DATA IN THIS EXERCISE:
* * * * *

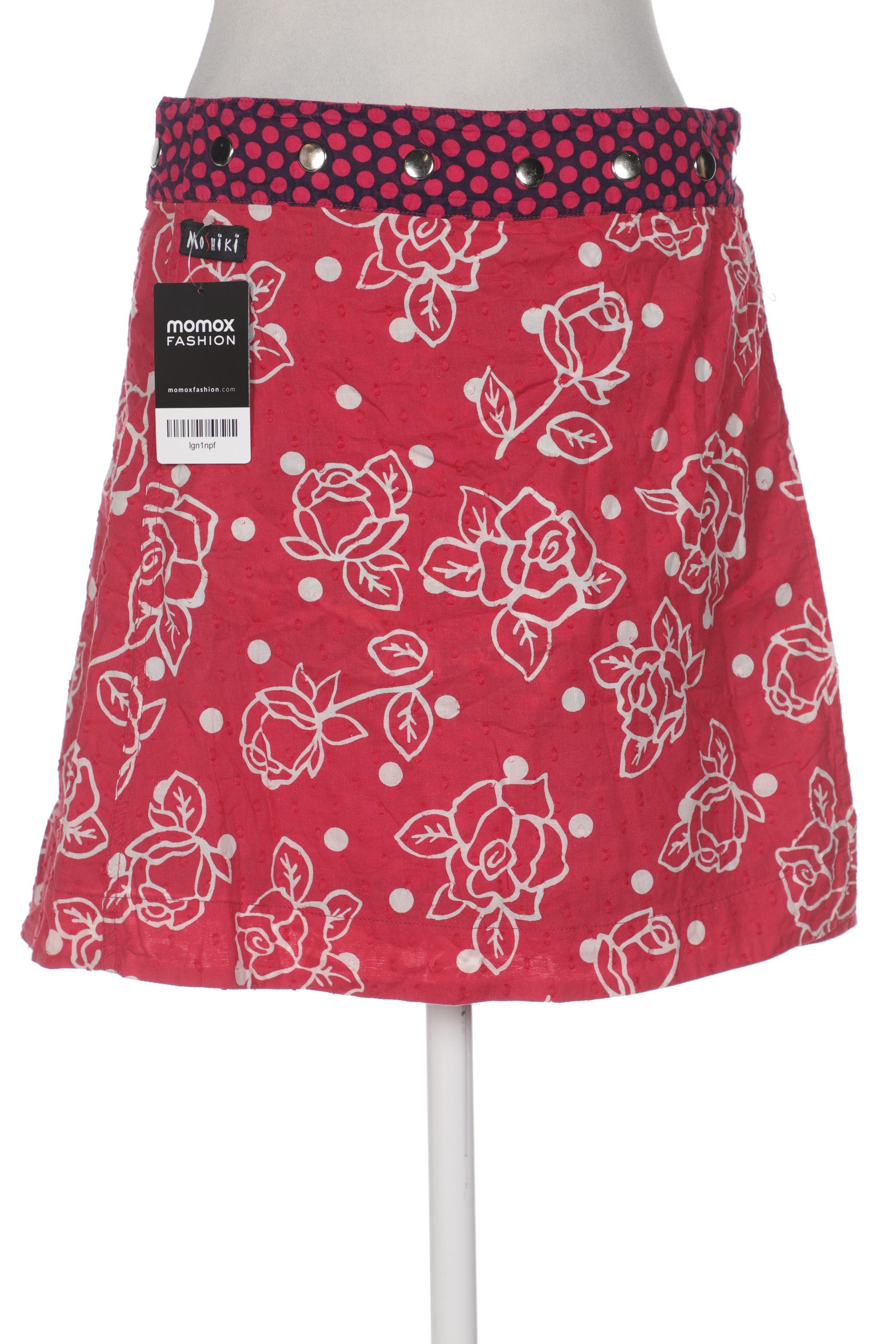 

Moshiki Damen Rock, pink, Gr. uni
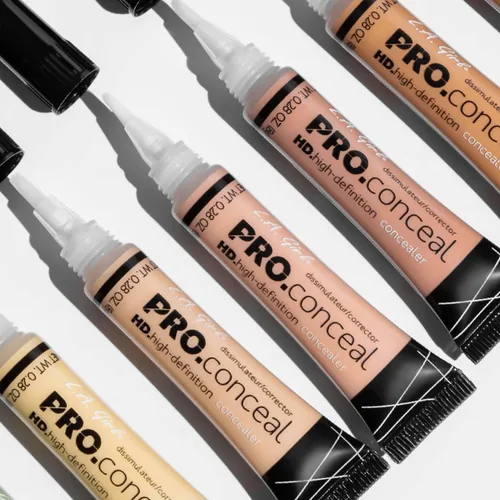 Miniatura 10 de L.A. Girl HD Pro.Conceal, Almond GC979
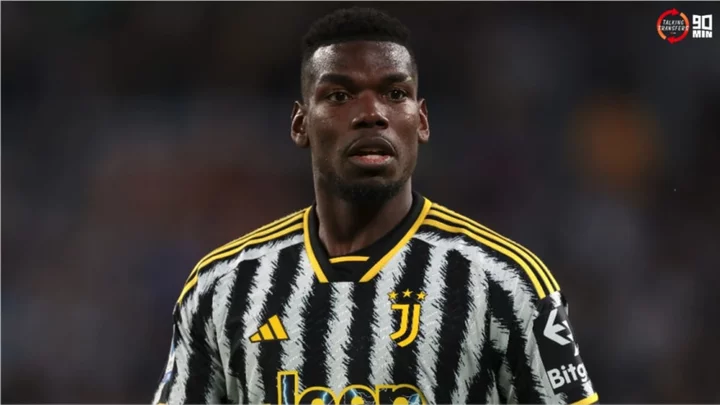 Paul Pogba emerges as major target for Saudi Pro League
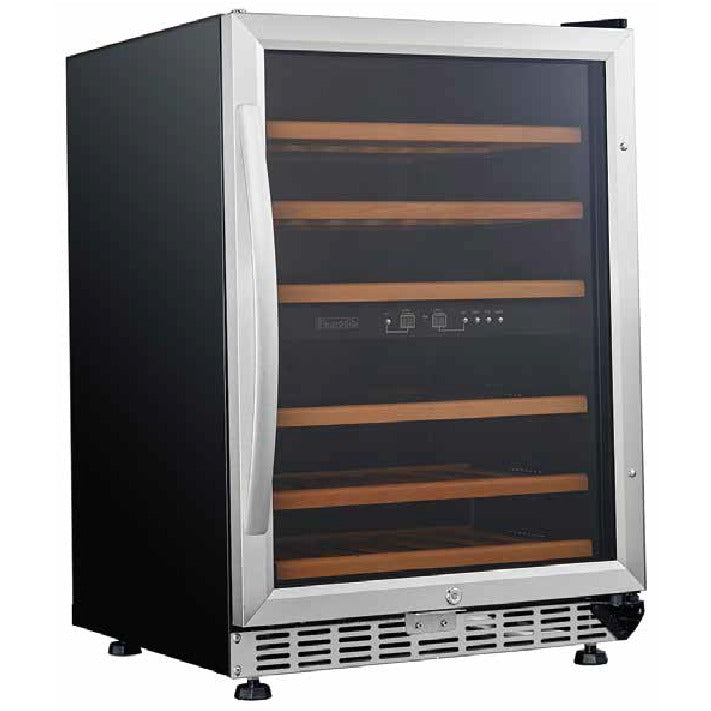 Eurodib USF54D Wine Refrigerator, 46 Bottles, 110V - Default Title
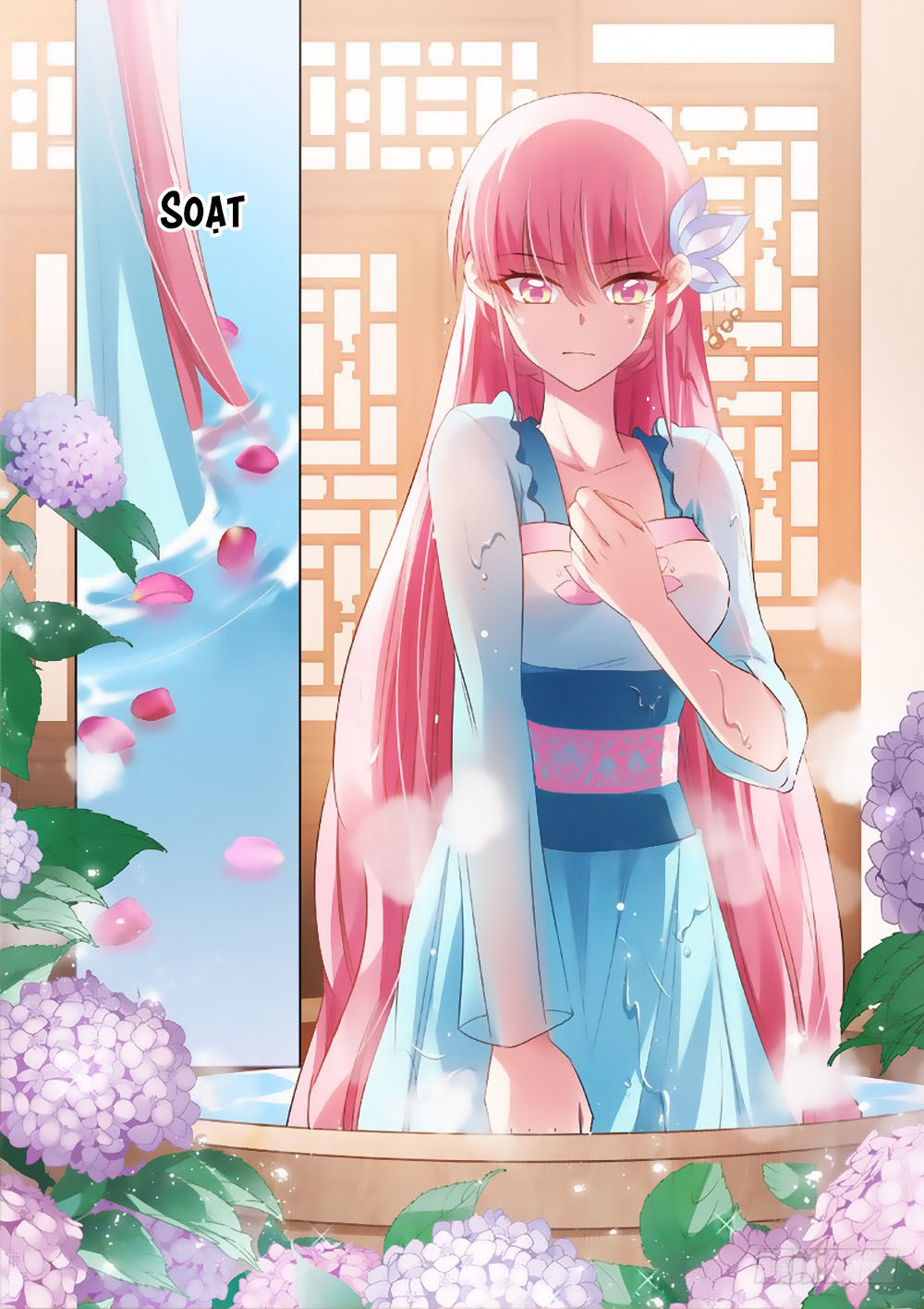 Hệ Thống Chế Tạo Nữ Thần Chapter 62 - 4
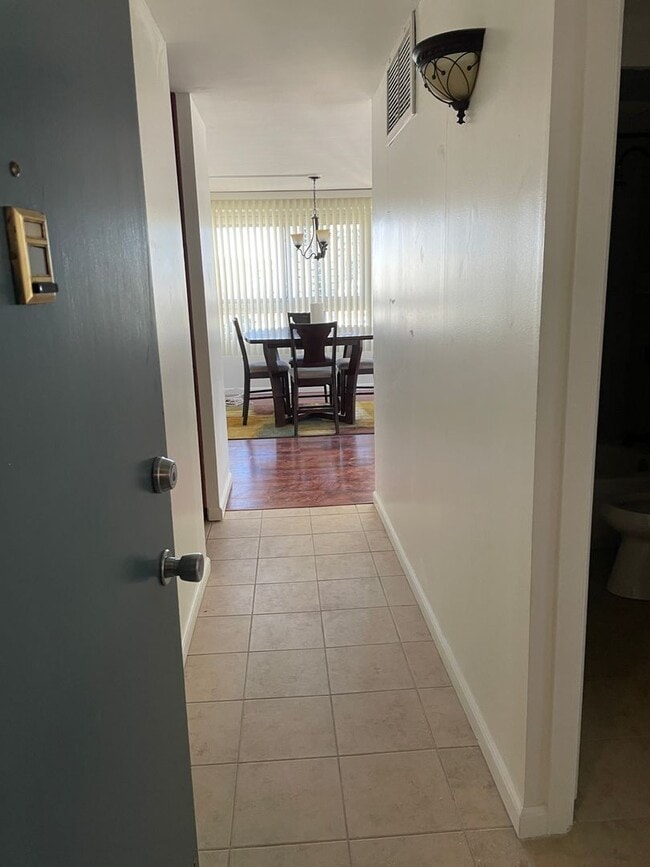 property at 2465 Ala Wai Blvd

* * * * *

Repeat the listing exactly; do not print any picture.

Moshiki Damen Rock, pink, Gr. uni
 Miniatura 10 de L.A. Girl HD Pro.Conceal, Almond GC979
 Paul Pogba emerges as major target for Saudi Pro League
 Eurodib USF54D Wine Refrigerator, 46 Bottles, 110V - Default Title
 Hệ Thống Chế Tạo Nữ Thần Chapter 62 - 4
 property at 2465 Ala Wai Blvd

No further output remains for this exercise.